(WHAT IS REQUIRED)
From the records below, copy out each line that has the word "under".

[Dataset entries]

· · · · ·

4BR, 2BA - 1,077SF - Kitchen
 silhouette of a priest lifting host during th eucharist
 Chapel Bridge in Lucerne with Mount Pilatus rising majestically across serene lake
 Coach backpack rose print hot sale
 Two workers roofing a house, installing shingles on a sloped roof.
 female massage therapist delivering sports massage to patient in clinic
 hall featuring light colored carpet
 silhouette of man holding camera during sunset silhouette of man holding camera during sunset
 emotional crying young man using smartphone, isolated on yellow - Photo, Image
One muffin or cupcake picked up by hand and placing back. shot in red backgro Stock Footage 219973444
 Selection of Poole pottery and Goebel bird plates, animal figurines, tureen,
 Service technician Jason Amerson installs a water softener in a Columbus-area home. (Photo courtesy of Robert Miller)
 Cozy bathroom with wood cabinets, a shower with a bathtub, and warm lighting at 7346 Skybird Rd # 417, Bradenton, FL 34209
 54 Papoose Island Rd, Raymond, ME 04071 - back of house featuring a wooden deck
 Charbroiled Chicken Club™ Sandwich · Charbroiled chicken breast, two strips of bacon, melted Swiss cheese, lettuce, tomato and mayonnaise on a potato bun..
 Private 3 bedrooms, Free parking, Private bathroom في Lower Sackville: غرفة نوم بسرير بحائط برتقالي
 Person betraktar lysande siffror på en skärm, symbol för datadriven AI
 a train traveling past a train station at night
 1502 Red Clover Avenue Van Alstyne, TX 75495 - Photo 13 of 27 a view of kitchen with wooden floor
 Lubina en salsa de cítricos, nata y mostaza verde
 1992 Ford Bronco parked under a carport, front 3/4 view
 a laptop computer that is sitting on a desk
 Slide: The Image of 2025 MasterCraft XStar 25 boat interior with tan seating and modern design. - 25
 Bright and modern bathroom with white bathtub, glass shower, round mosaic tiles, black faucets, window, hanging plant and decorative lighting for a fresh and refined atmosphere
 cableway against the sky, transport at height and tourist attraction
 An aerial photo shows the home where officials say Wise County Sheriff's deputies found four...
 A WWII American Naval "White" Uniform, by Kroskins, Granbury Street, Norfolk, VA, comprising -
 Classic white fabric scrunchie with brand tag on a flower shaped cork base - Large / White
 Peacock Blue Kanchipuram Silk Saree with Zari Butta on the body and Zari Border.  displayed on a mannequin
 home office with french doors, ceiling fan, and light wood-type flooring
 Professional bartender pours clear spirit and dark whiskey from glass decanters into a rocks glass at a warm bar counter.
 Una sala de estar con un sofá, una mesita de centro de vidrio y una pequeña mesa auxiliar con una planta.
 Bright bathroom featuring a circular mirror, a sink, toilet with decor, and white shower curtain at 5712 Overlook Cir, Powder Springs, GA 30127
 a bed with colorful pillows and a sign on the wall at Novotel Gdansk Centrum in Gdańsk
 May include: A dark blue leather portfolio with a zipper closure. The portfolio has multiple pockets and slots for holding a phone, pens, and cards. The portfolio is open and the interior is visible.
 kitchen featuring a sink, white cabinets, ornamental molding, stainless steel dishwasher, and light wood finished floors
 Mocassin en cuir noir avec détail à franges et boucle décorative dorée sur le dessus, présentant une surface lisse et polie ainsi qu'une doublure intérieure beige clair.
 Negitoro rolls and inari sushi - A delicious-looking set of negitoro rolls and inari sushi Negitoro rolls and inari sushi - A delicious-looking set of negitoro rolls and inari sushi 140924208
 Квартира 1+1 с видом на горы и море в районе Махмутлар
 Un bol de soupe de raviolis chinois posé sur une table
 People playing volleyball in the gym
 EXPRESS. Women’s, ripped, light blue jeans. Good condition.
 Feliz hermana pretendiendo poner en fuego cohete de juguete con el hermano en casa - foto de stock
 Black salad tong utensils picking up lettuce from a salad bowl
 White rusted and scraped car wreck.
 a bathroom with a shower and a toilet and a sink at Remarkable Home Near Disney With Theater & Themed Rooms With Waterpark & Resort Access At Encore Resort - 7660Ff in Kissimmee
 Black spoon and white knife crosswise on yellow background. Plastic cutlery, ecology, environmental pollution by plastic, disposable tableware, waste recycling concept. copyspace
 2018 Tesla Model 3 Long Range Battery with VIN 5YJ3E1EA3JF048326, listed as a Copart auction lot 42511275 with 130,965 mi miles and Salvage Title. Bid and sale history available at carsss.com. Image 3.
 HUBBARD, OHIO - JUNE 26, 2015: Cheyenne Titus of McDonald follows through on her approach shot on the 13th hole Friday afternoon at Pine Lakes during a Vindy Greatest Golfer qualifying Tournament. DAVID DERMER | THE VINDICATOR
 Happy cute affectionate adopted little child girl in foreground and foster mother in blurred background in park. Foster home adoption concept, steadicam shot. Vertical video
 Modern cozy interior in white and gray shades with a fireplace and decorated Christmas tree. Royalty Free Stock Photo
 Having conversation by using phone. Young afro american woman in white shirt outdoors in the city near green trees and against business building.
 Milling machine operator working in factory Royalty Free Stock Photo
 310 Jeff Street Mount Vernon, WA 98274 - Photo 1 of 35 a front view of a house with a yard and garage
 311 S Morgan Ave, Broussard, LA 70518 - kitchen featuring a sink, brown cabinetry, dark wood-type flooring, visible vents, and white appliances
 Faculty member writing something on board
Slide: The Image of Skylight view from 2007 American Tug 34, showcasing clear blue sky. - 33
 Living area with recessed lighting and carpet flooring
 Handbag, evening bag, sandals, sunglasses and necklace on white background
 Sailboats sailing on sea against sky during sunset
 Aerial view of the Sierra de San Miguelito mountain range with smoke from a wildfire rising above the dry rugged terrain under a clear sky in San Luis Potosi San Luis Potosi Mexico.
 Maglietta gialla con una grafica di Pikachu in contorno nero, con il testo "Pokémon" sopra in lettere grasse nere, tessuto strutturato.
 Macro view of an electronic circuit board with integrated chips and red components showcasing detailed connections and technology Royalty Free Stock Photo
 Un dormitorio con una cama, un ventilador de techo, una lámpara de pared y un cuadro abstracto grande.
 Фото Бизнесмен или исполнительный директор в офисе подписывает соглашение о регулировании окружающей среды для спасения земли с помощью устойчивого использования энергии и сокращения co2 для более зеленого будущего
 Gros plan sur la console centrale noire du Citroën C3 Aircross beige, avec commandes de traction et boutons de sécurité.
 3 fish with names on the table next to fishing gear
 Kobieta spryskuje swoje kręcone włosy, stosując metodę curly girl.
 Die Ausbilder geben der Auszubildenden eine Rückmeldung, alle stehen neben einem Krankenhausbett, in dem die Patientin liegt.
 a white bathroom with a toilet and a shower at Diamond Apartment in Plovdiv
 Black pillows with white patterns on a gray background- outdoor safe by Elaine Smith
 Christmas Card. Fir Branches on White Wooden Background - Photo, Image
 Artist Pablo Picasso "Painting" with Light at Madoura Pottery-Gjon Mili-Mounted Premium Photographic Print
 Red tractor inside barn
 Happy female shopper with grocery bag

· · · · ·

(YOUR SOLUTION)
 1992 Ford Bronco parked under a carport, front 3/4 view
 Aerial view of the Sierra de San Miguelito mountain range with smoke from a wildfire rising above the dry rugged terrain under a clear sky in San Luis Potosi San Luis Potosi Mexico.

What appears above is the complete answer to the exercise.